More Companies Cut or End 401(k) Plan Matches

USA Today

The battle for a secure retirement is about to get even tougher. Several new surveys of company executives show that they plan to reduce or suspend their company’s retirement-plan contributions this year.

Dozens of employers in the past year have already slashed such costs.

The trend means one important thing for workers: smaller nest eggs, unless they save enough to make up for the missing company contributions and matches.

Arrangements vary, but employers have often matched 25 or 50 cents of every dollar an employee puts in a retirement account, up to 6% of pay.

Companies of all sizes, under financial pressure, are “retrenching on the 401(k) front,” says Alicia Munnell, director of the Center for Retirement Research at Boston College.

General Motors, (GM) Eastman Kodak, (EK) FedEx (FDX) and Sears Holdings (SHLD) are among the companies that have suspended their 401(k) contributions, according to the center.

A survey released Wednesday by research and consulting company Spectrem Group says 29% of employers intend to reduce or eliminate contributions to “defined-contribution retirement plans” in the next 12 months.

While the survey has a large +/- 8 percentage point margin of error, other surveys back up the dire forecast.

A mid-February study by employment consulting company Watson Wyatt Worldwide found that 12% of 245 large companies have already cut their 401(k)/403(b) matches — and another 12% plan to do so in the next 12 months.

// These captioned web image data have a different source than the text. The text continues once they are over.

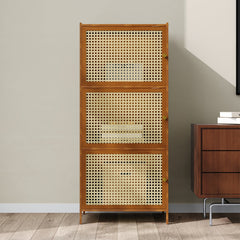 3-Tier Faux Rattan Bookcase
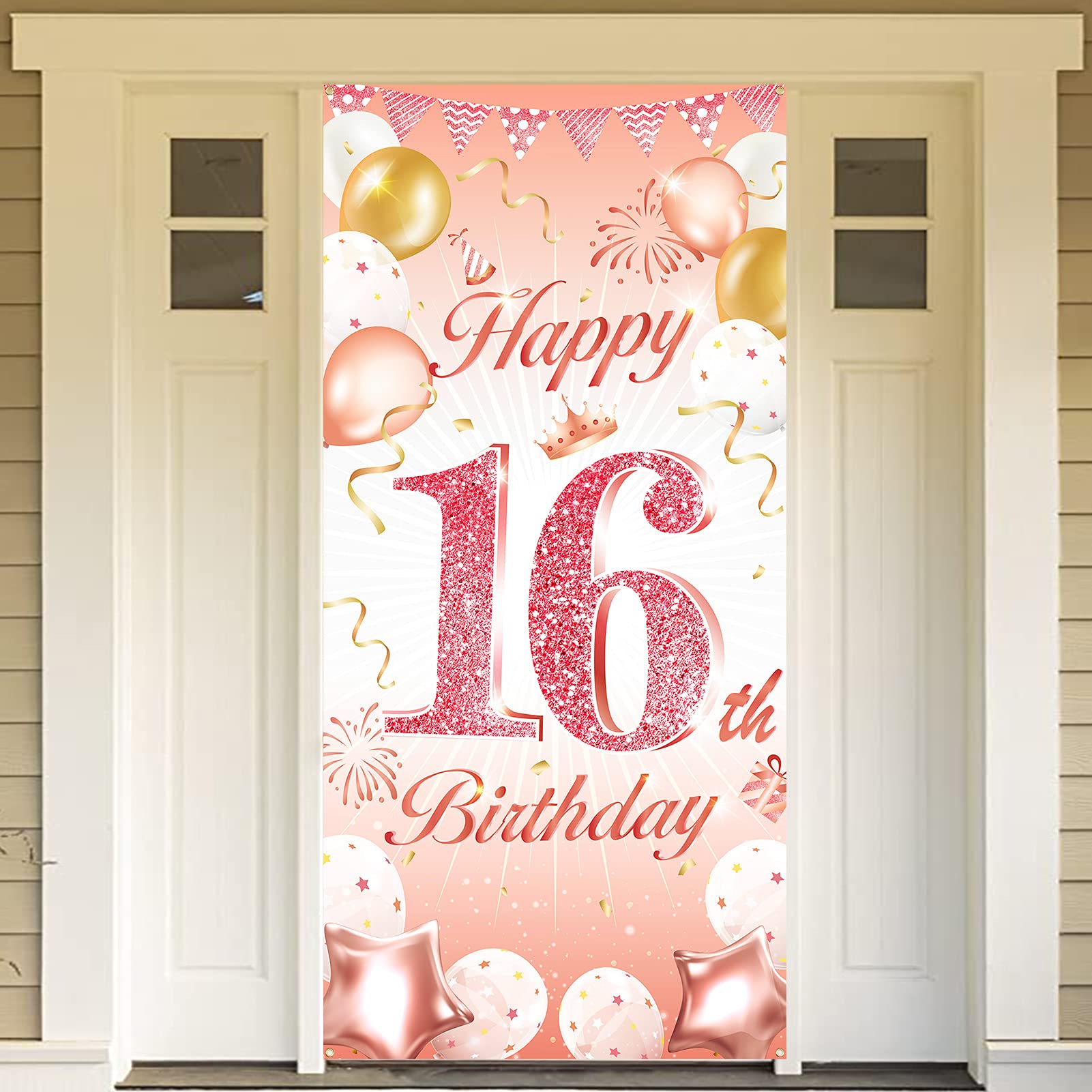 DPKOW Rose Gold 16th Birthday Party Decoration Girl, Rose Gold 16th Birthday Banner for Backdrop Door Decoration for Garden Table Wall, 185 x 90cm Fabric
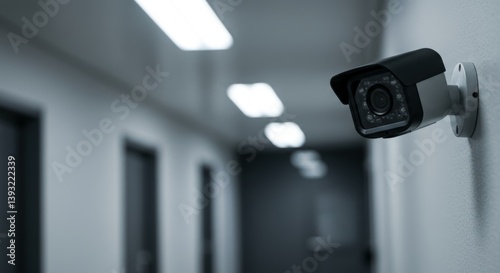 CCTV security camera mounted on a wall in a corridor, conveying a sense of vigilance and safety, overseeing the hallway illuminated by bright lights.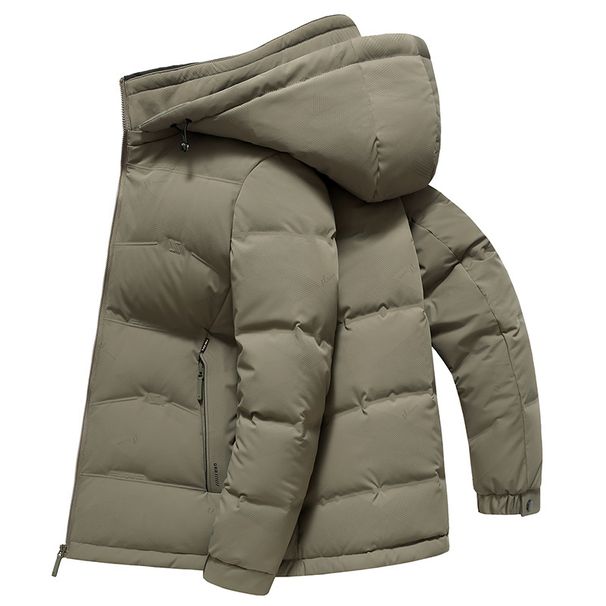 Men's Clothing Winter new white duck Silk cotton hooded Silk cotton jacket men's thickened youth trendy mid length Silk cotton jacket cold proof Silk cotton jacket_viptrois.com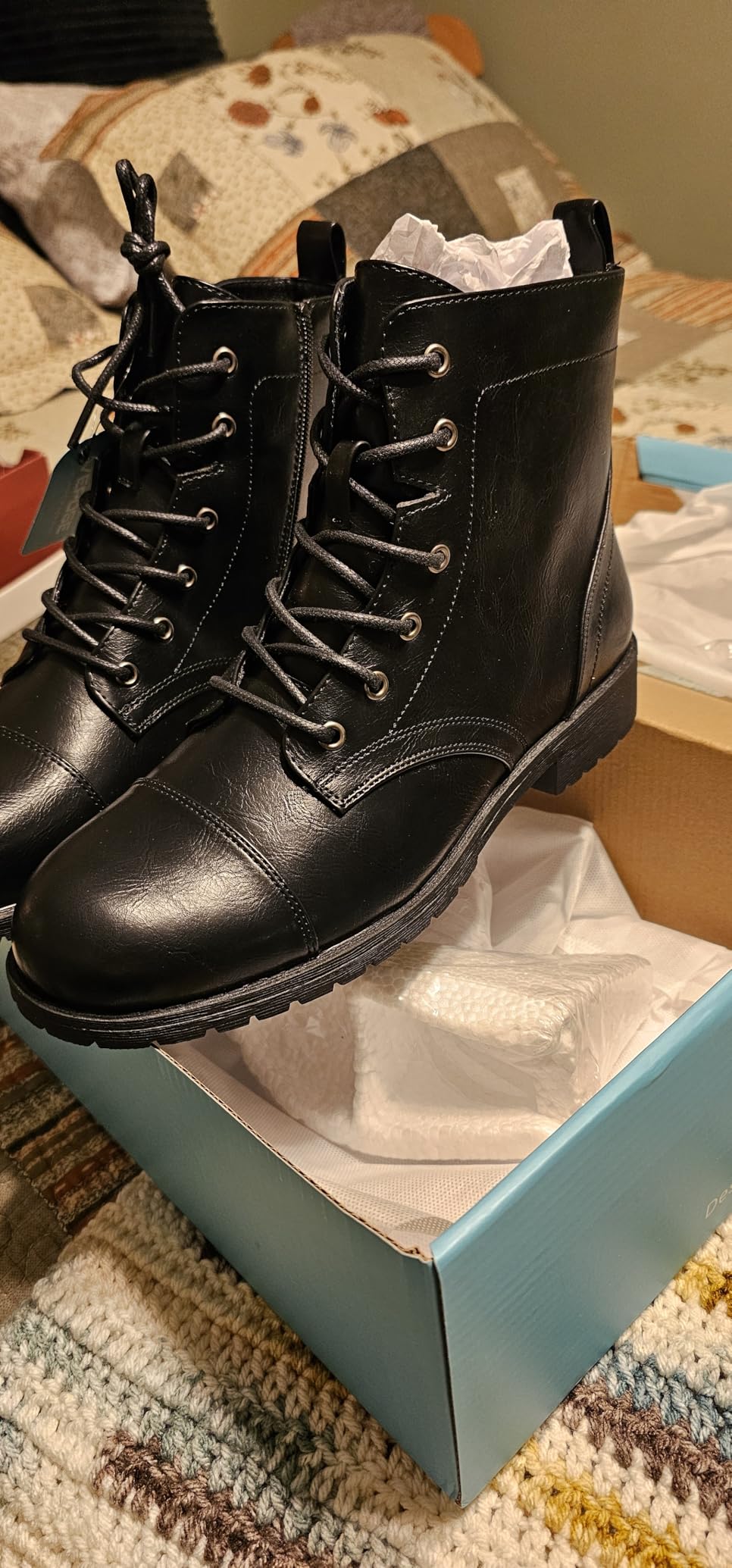 Women's Lace Up Combat Ankle Boots, Cap Toe Low Block Heel | Comfortable booties with easy side zipper entry and memory foam cushioning customer photo 1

Most workers are unprepared to fund retirement.

Using data from the Federal Reserve’s 2007 Survey of Consumer Finances, which was published before the financial crisis, Munnell pegged the median 401(k) balance for those approaching retirement at $60,000.

Given the stock market turmoil, those retirement funds are likely only worth about $40,000 now, she says.

Most employees seem braced for the news. Nearly half of workers said in November 2008 that they were concerned that the sour economy would cause their employers “to cut back on matches to 401(k)/ 403(b)/457 plans,” according to MetLife’s seventh annual Employee Benefits Trends Study, which was released on Monday.

Yet, even with all of the retirement worries, there was a silver lining for employers, according to MetLife.

The struggling economy has led workers to become much more thankful for the benefits that they do have, with 56% saying they appreciate their workplace benefits more than ever before.